Emkay Global Financial Services Ltd has initiated coverage on Westlife and said the company has superior unit economics – about 30-40% higher revenue per store – relative to peers
Shares of Westlife Development Ltd are trading around ₹510 apiece, flirting with their annual highs. Westlife owns Hardcastle Restaurants Pvt. Ltd, the master franchisee of McDonald's restaurants in west and south India.
The company has seen a consistent recovery in revenues every quarter in the financial year 2021. “Revenues should recover to 100% in the March quarter," said an analyst requesting anonymity. In the December quarter, Westlife curtailed the drop in revenues to nearly 25% year-on-year. Recall that revenues had declined by 75% and 48% year-on-year, respectively, during the June and September quarter.
Amit Jatia, vice chairman, Westlife told analysts from Motilal Oswal Financial Services Ltd, “The company entered the covid-19 lockdown with a strong focus on costs – this means that it is likely to exit FY21 with no cash loss. Cost savings are expected to continue post-covid."
Note that in the December quarter, Westlife had clocked an earnings before interest, tax, depreciation and amortization (Ebitda) margin of 10% even as revenues declined.
As such, Emkay Global Financial Services Ltd has initiated coverage on Westlife and they remain gung-ho on the latter’s prospects. The brokerage said Westlife has superior unit economics – about 30-40% higher revenue per store – relative to peers. This is supported by value pricing and strategies aimed at increasing in-store visits and offering complementing menus.
“Recent initiatives on digital could provide a further fillip," added Emkay.

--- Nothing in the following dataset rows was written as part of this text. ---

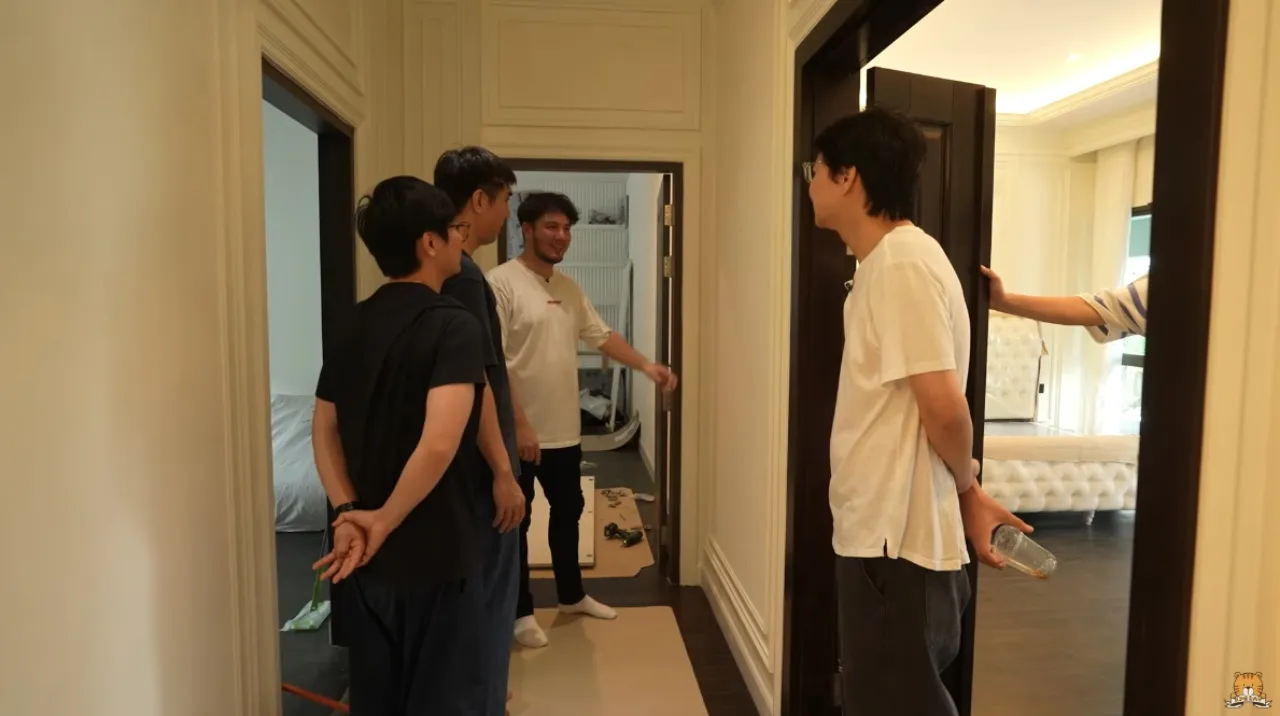 เปิดบ้านหลังใหญ่ของ สเตฟาน เผยเหตุผลที่แยกห้องนอนกับแฟนสาว จะได้ไม่ต้องทะเลาะกัน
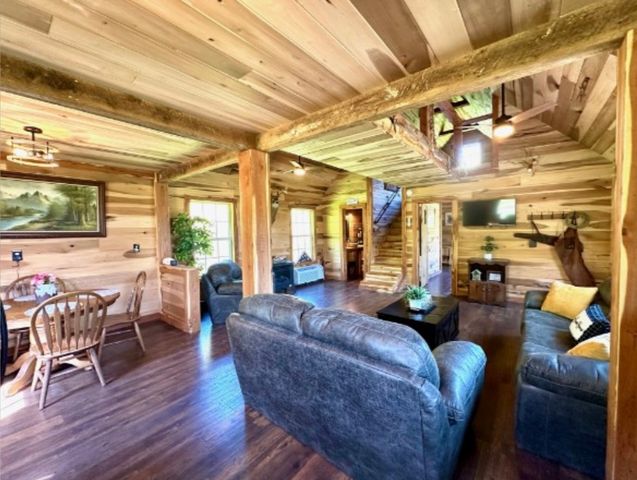 179 Puncheon Camp Ln, Bell Buckle, TN 37020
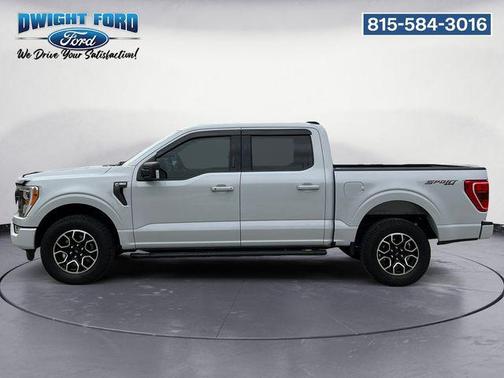 Space White Metallic 2022 Ford F-150 XLT
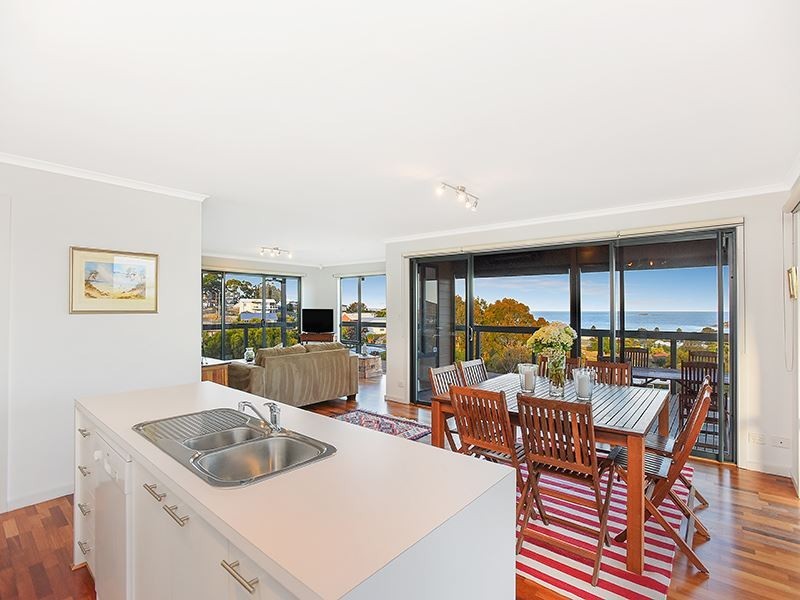 14 Joy Street, Encounter Bay SA 5211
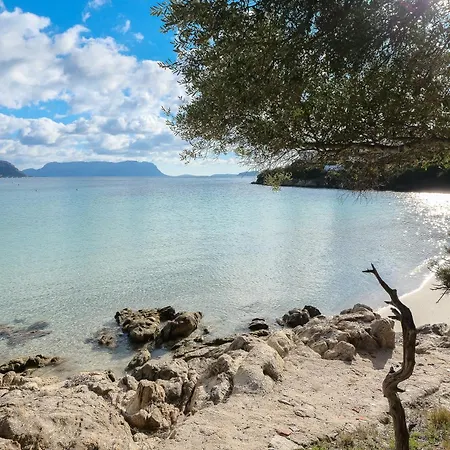 Orizzonti App N 3 Hébergement de vacances Golfo Aranci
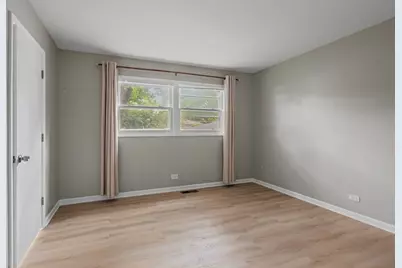 1903 Highview Avenue, McHenry, IL 60050 - Photo 12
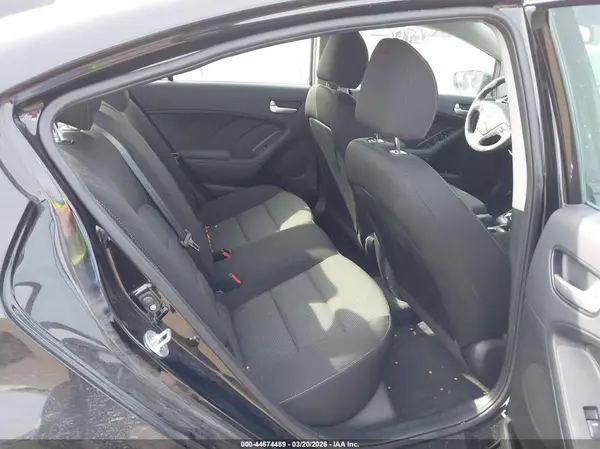 3KPFK4A72HE096109 2017 KIA FORTE - Image 8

Further, there appears to be scope for expansion in Westlife’s Ebitda margin. According to Emkay, “In the past five years, Westlife’s operating margins expanded 700 basis points to 9%, driven by product mix changes and cost efficiencies. Margins are still sub-optimal in spite of higher sales and gross profit per store versus peers." One basis point is one-hundredth of a percentage point. Emkay estimates Westlife to record sales/Ebitda growth of 10%/20% in FY20-24E, despite the Covid-19-induced disruption in FY21 (16% sales CAGR ex-Covid).

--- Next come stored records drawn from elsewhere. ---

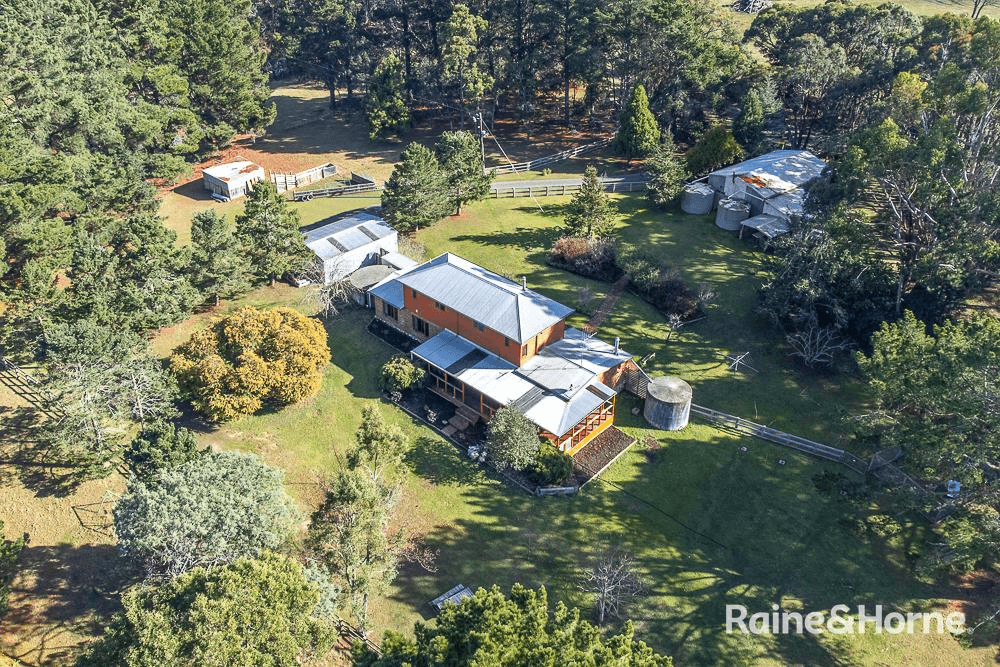 56 Walshes Road, WOODEND, VIC 3442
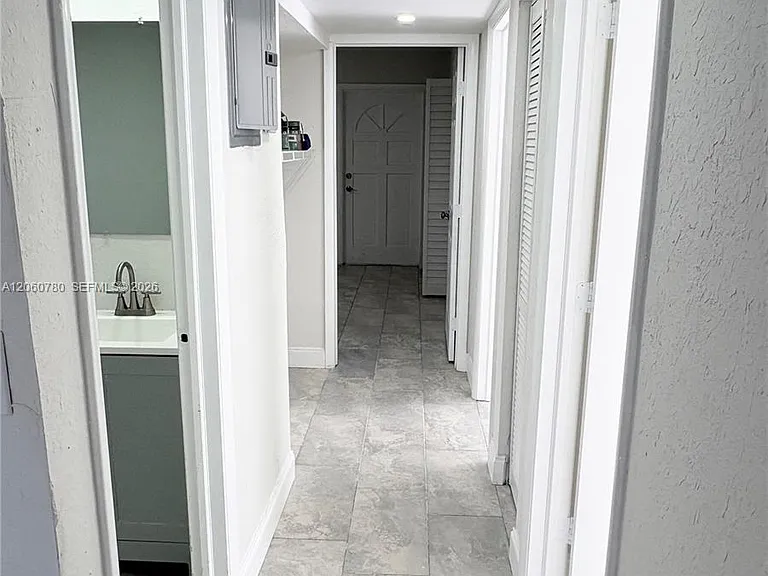 4119 Woodside Dr #2 — Photo 3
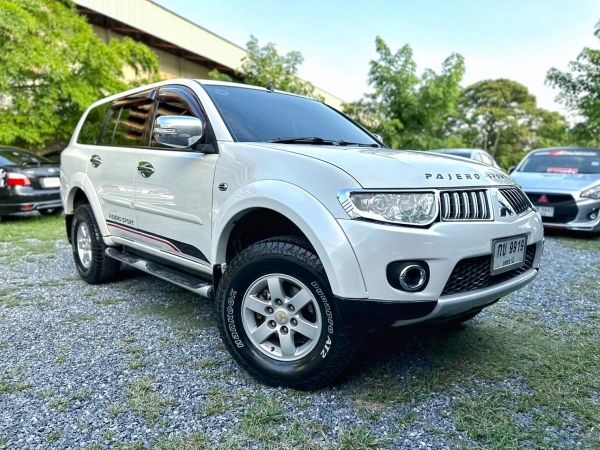 Mitsubishi Pajero Sports 2.5 VGT รุ่น GLS เกียร์ Auto 2WD ปี 2012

Having said all of this, it’s worth noting that covid-19 cases have been rising lately. Thus, a key risk remains how covid-19 unlocking pans out. This would determine how the recovery in sales shape up in the coming days.
Furthermore, the sharp appreciation in Westlife’s shares already may well limit meaningful upsides in the near-to-medium term. The Westlife stock has appreciated as much as 48% from 1 January 2020. Based on Bloomberg data, the shares trade at an EV/ Ebitda of 32 times based on financial year FY2022 numbers. To be sure, valuations are not particularly cheap.